For me to be more safe, I'm using now a unique mail for Github, etc., which is 
sufficient for now, but if you think into the future and especially about oauth 
with more than a handful widely used trusted Providers and that they could be 
hacked, infiltrated forced to grant malicious access, etc. Than this could 
become to a huge problem in no time.

As example: Think about one widely used trusted provider that's hacked, or 
similar. You could access so many accounts on multiple sites, even if the users 
are never used this oauth for these sites.



Sorry to insist here, but just because it is not an issue now, I can't agree 
that this not a big deal in general.

I mean in the above scenario even a unique mail wouldn't help because that 
could send any mail, they want to these sites.
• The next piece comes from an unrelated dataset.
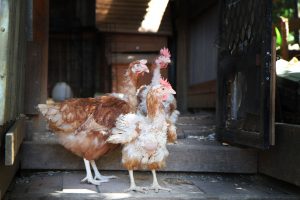 Chickens
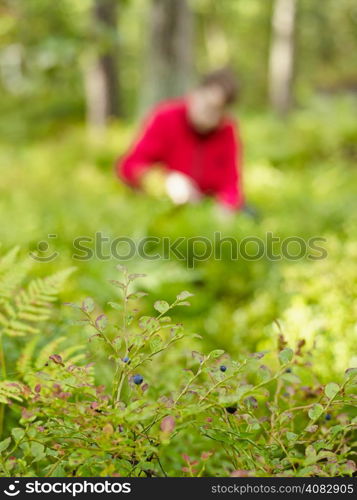 Focus on foreground undergrowth, on the background woman pick up blueberries - copy space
Think about such provider acting 
malicious and you would not even HAVE an account at any of them: every site, 
that trusts them could be accessed under your account just by knowing the user 
identifier, which is in 99% time the mail.



- Matthias

- Warren

On Wed, Aug 9, 2023 at 10:06 PM mfulz <mf...@olznet.de<mailto:mf...@olznet.de>> 
wrote:
Anyone read this topic or could tell if there is a better place to adress this?

Sent from Nine<http://www.9folders.com/>
________________________________
Von: mfulz
Gesendet: Sonntag, 16. Juli 2023 03:38
An: oauth@ietf.org<mailto:oauth@ietf.org>
Betreff: [OAUTH-WG] OAuth Trust model



Hi Together,

I was thinking about some (at least I see it in that way) problem in the whole 
oauth/openid design:

The problem is the following:

The user has no control about what providers are accepted by the clients 
(websites, etc.) and this opens access to these providers without any way to 
protect against that.

Example:

I've created an account with email/password login at stackoverflow

I've created an account with the same email at github

-> logged out from stackoverflow

-> logged in via github oauth -> working and connected to the email/pw account 
from stackoverflow



Stackoverflow has the possibility to remove the github login now, but the main 
problem is, that I would be out of control, that some of these oauth providers

(please don't go into the discussion WHY they or anyone should do it) could 
access my accounts, when such site would allow them as provider.



In my opionion it would be good to avoid such issues, by including something in 
the standard, that the user MUST allow the connection on both sides on the 
client

and on the provider.



Yes for sso without any existing account that's some kind of an issue, but 
still it could be added some verification process like sending confirmation link

That the user is accepting the oauth provider on the Client side.

Then the oauth provider would also need access to my emails to access my 
account.



Not sure if I'm wrong here but I think my description is correct.